A Ella le decimos con versos de un poeta catalán, puestos en una hornacina de una calle de Barcelona:
Verge i Mare// consol nostre,// femnos trobar el bon camí.// Jo sóc home,// sóc fill vostre.// Vos l'estel, yo el
pelegrí. «Virgen y Madre, consuelo nuestro, haznos encontrar el buen camino. Yo soy hombre, soy hijo
vuestro. Tú eres la estrella, yo el peregrino». Tú iluminarás siempre mi camino.
III. Mujer, ahí tienes a tu hijo.
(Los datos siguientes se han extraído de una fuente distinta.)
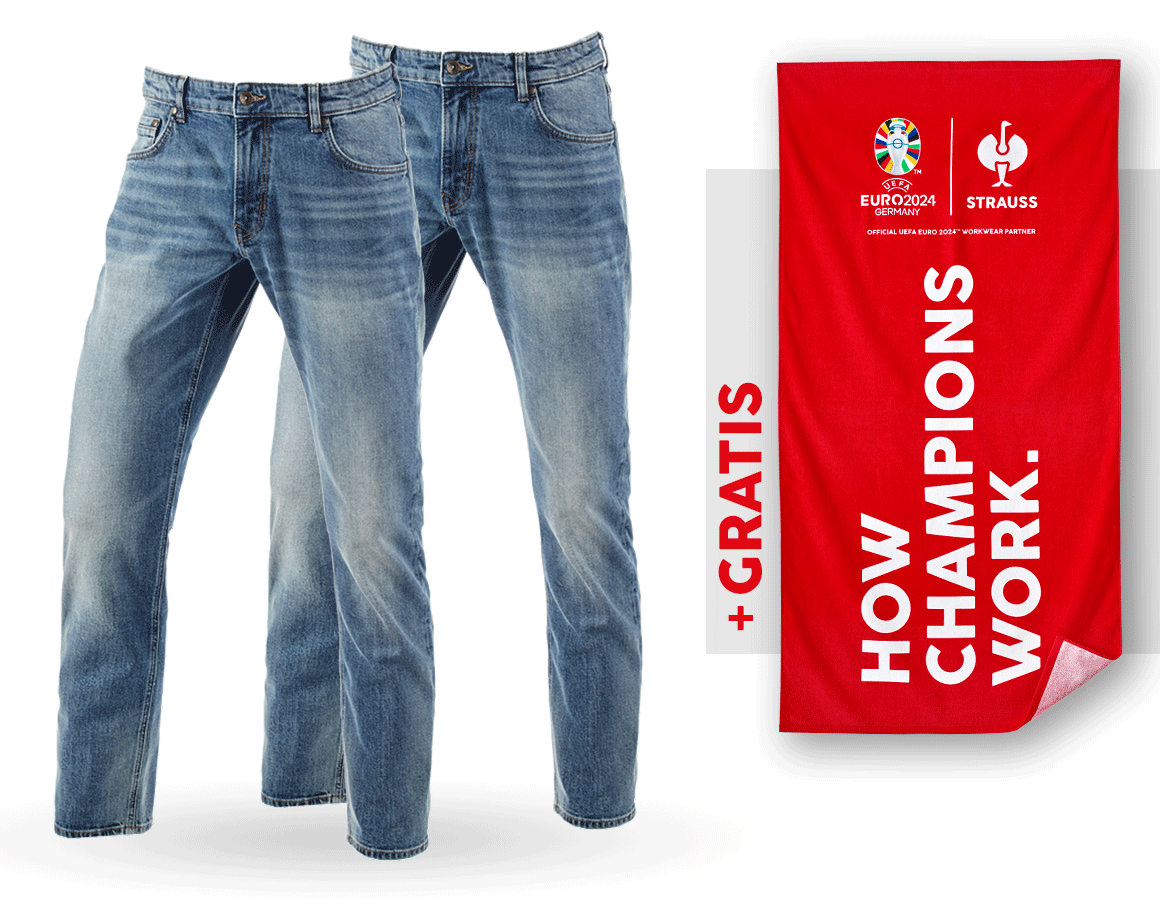 Samarbeten: SET: 2x 5-pocket-stretch- jeans, straight+badlakan + stonewashed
Al aceptar al Apóstol Juan como hijo suyo muestra su amor incomparable
de Madre. «Y en aquel hombre oraba el Papa Juan Pablo II te ha confiado a cada hombre, te ha confiado a
todos. Y Tú, que en el momento de la Anunciación, en estas sencillas palabras: He aquí la esclava del Señor,
hágase en mí según tu palabra (Lc 1, 38), has concentrado todo el programa de tu vida, abrazas a todos,
buscas maternalmente a todos (...). Perseveras de manera admirable en el misterio de Cristo, tu Hijo
unigénito, porque estás siempre dondequiera están los hombres sus hermanos, dondequiera está la Iglesia».
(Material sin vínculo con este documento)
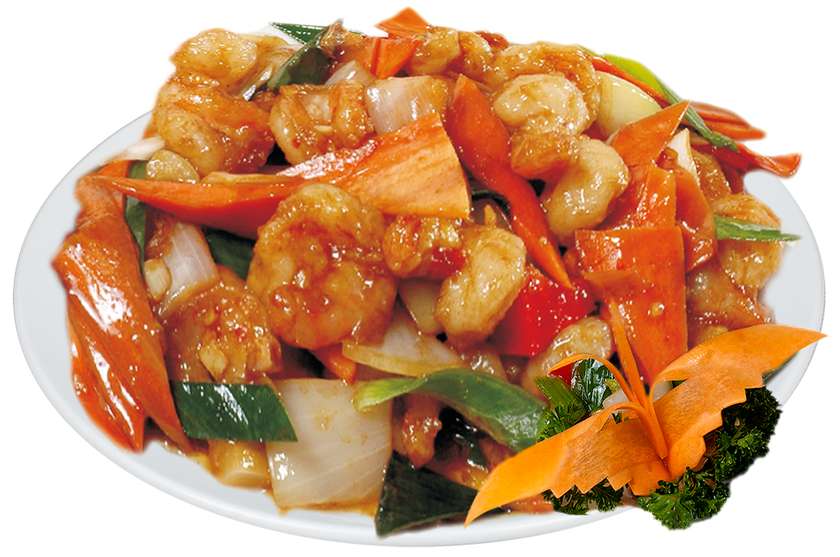 Szechuan style shrimp with rice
Sus manos se encuentran siempre llenas de gracias, siempre dispuestas a derramarlas sobre sus hijos.
San Juan recibió a María en su casa y cuidó con suma delicadeza de Ella hasta que fue asunta a los Cielos
en cuerpo y alma: Y desde aquella hora, el discípulo la recibió en su casa. «Los autores espirituales han visto
en esas palabras, que relata el Santo Evangelio, una invitación dirigida a todos los cristianos para que
pongamos también a María en nuestras vidas. En cierto sentido, resulta casi superflua esa aclaración. María
quiere ciertamente que la invoquemos, que nos acerquemos a Ella con confianza, que apelemos a su
maternidad, pidiéndole que se manifieste como nuestra Madre». ¡Muestra que eres Madre! ¡Tantas veces se
lo hemos pedido! Nunca ha dejado de escucharnos. No olvidemos nunca que la presencia de la Virgen en la
Iglesia, y por tanto en la vida de cada uno, es siempre «una presencia materna», que tiende a facilitarnos el
camino, a librarnos de los descaminos pequeños o grandes a los que nos induce nuestra torpeza. ¡Qué sería
de nosotros sin sus desvelos de madre! Procuremos nosotros ser buenos hijos.
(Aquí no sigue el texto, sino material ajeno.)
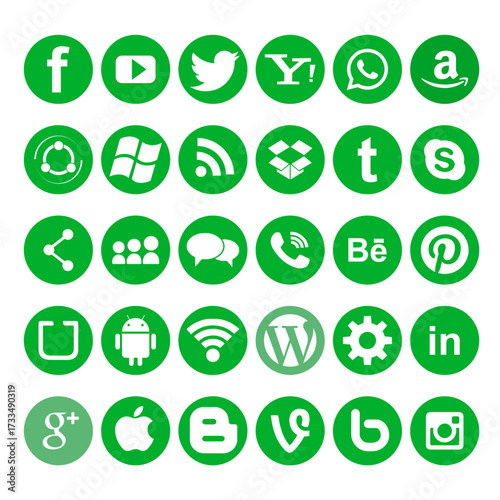 Green icons for social networks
Nuestra Señora está siempre atenta a sus hijos. Continúa el poeta catalán diciendo: ¿Per que ens miren,
Verge Santa, // amb aquests ull tan oberts?... ¿Por qué nos miras, Virgen Santa, // con esos ojos tan abiertos?
// ¡Crea siempre en el alma // un santo estremecimiento! // Que los milagros de antaño // se repitan hoy en
día, // ¡líbranos del pecado // y de una vil cobardía!